Since the nursing staff can’t watch every resident every minute, they’re alerted by notification if an event maybe about to happen. If, for example, a resident gets out of bed, or two residents who are not friendly with each other come too close, the staff will know. “This is a tool that really helps with behavioural care strategies,” says Jason Shannon, President of Shannex, which has Tenera Care pilots in three of its facilities. Patterns of resident movement, lack of movement or even change in patterns can tell us a lot as to what’s happening with residents health and care needs. Tenera can monitor all of this information without human intervention.
“Our product is a quality-of-life record,” Hardie says. “And we felt that was a more compelling story than just saying, hey, we have a really cool nurse-call system where they don’t have to pull a cord.” By late last year, Tenera Care was ready to go to market, with contracts secured in the US. Then the pandemic hit.
“We were at the airport when everything shut down,” Hardie says. He and head of strategy Kevin Rimmer were on their way back from Arkansas by way of New Jersey, where they were about to sign a deal for a pilot there. “I got a message from the company saying, yeah, this isn’t happening today. You best go back to Canada.”
It was on the flight home to Halifax—before a two-week stint quarantining in his basement—that Hardie had his eureka moment. “Everyone was talking about social distancing and contact tracing,” he says. “I realized, holy cow, we do that right now. And I think we do it better than anybody in the world.” Tenera Care’s system can be programmed to send an alert when two people come within two metres of each other. Voila: social distancing. And if those two people are within, say, two metres of each other for a few minutes? A record is made for contact tracing.

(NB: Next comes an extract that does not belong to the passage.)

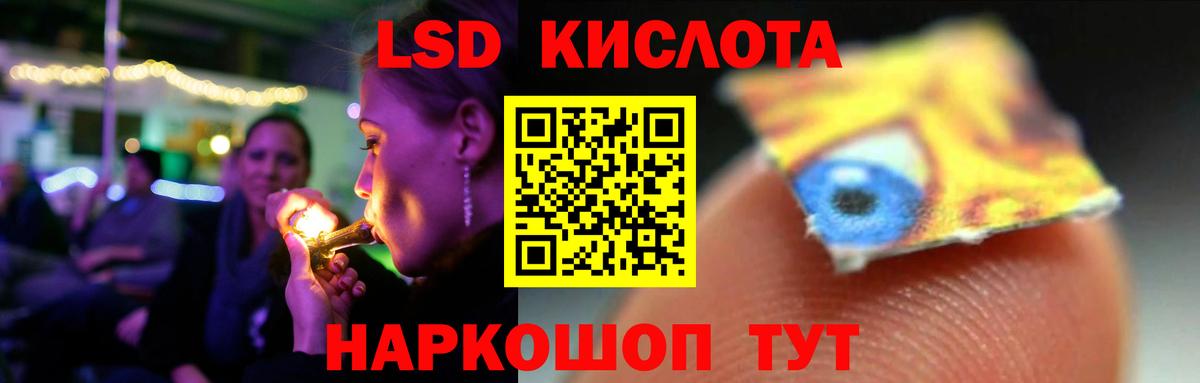 ЛСД экстази кислота Копейск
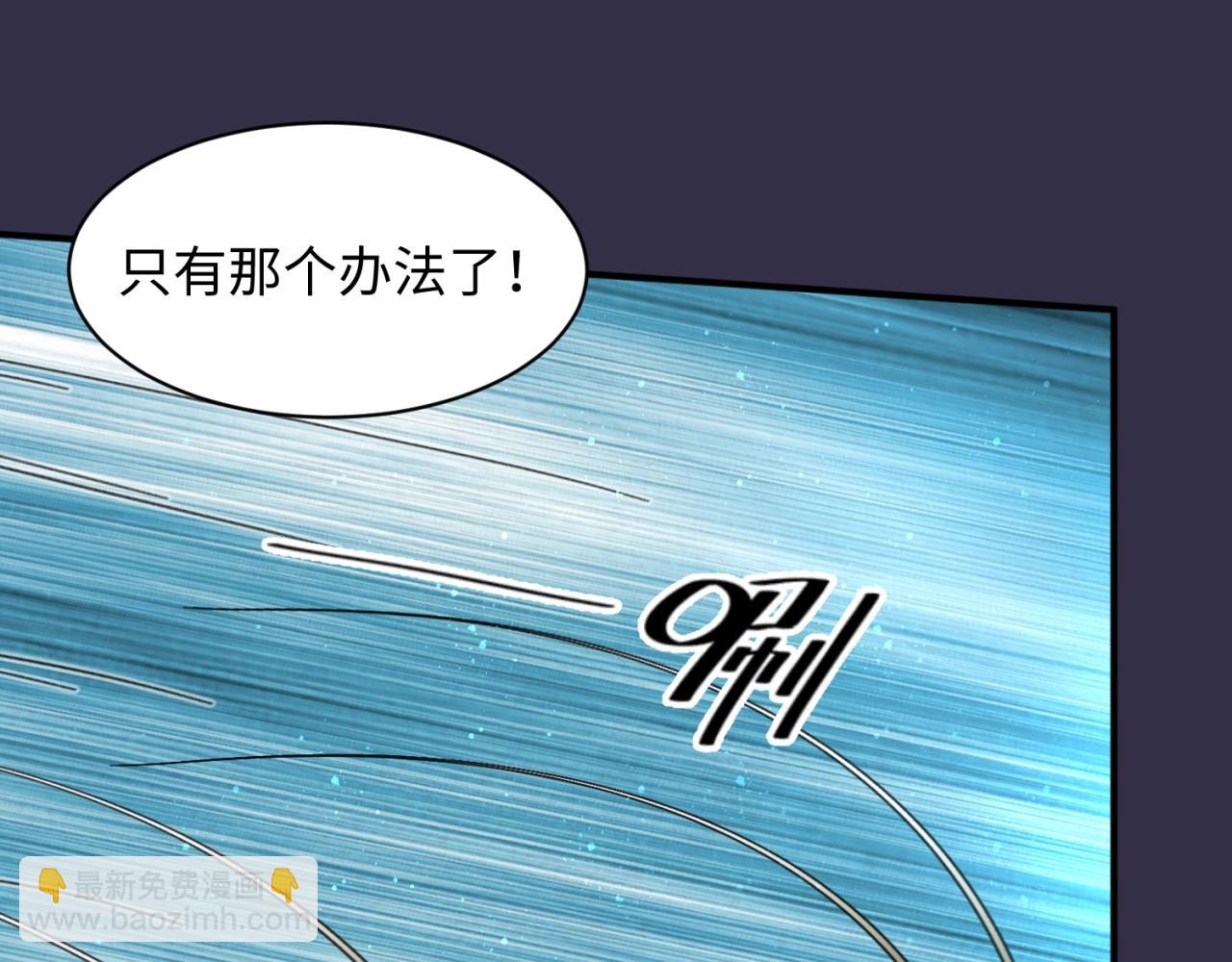 第102话 迷宫宝藏79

“In nursing homes across Canada, Public Health has to use a very conservative, cautious approaches during outbreaks —in one case we had a staff person infected in Sydney [Nova Scotia], and working with Public Health, we had to put out 17 of our staff within an hour,” Shannon says. “But Tenera lets us transition from guesstimating about exposure to evidence-based contact training, which would allow us to know for certain which staff and residents were exposed. That’s a game-changer in minimizing the spread of infection and also to know who can remain at work.”
Creative Destruction Lab agreed, and this spring, Tenera Care was admitted to CDL’s rapid response innovation program, CDL Recovery. “As a result of this pandemic, things have to change, and I believe that CDL can play a role in accelerating some of the solutions we need,” says Chris Huskilson, founding partner of CDL-Atlantic and former CEO and president of Emera Inc. “Tenera Care has a solution that’s very much needed on a global basis.”
Walerud Ventures partner Jane Walerud adds, “Generally, internal positioning is not that accurate, maybe within a metre or two, and in two dimensions. The networking Tenera Care does is miraculous. And they’re ethical, nice people trying to do something good for other people—what’s not to like? There was a lot of enthusiasm from the associates at CDL.”
That enthusiasm provided Tenera Care with the validation it needed from, as Hardie says, “a room full of really smart people that have had a lot of successes in different areas—not just in business, but in research, politics, military, all sorts of different fields.” The venture had among the most number of hands raised in every session, and by the end of the program, five CDL mentors expressed a desire to finance their growth.
The mentors also provided Tenera Care with connections to major players in a host of other industries, from food processing to fishing to education—all of whom could benefit from technology that helps with social distancing and contact tracing. In the end, after numerous conversations, the team decided to stick with long-term care for the near-term future, focusing on doing one job extremely well.
“CDL exposed us to different opportunities, and helped us understand that long-term care is where we’re going to make the most difference right now,” Hardie says. Still, Scott Saxberg, CEO of Icebook Investments Corp, is confident Tenera Care has a stellar future in many markets. “Long-term care is their baseline business—it gets them into orbit,” he says. “But with technology like this, they could go a lot farther. The next phase could get them to the moon or Mars.”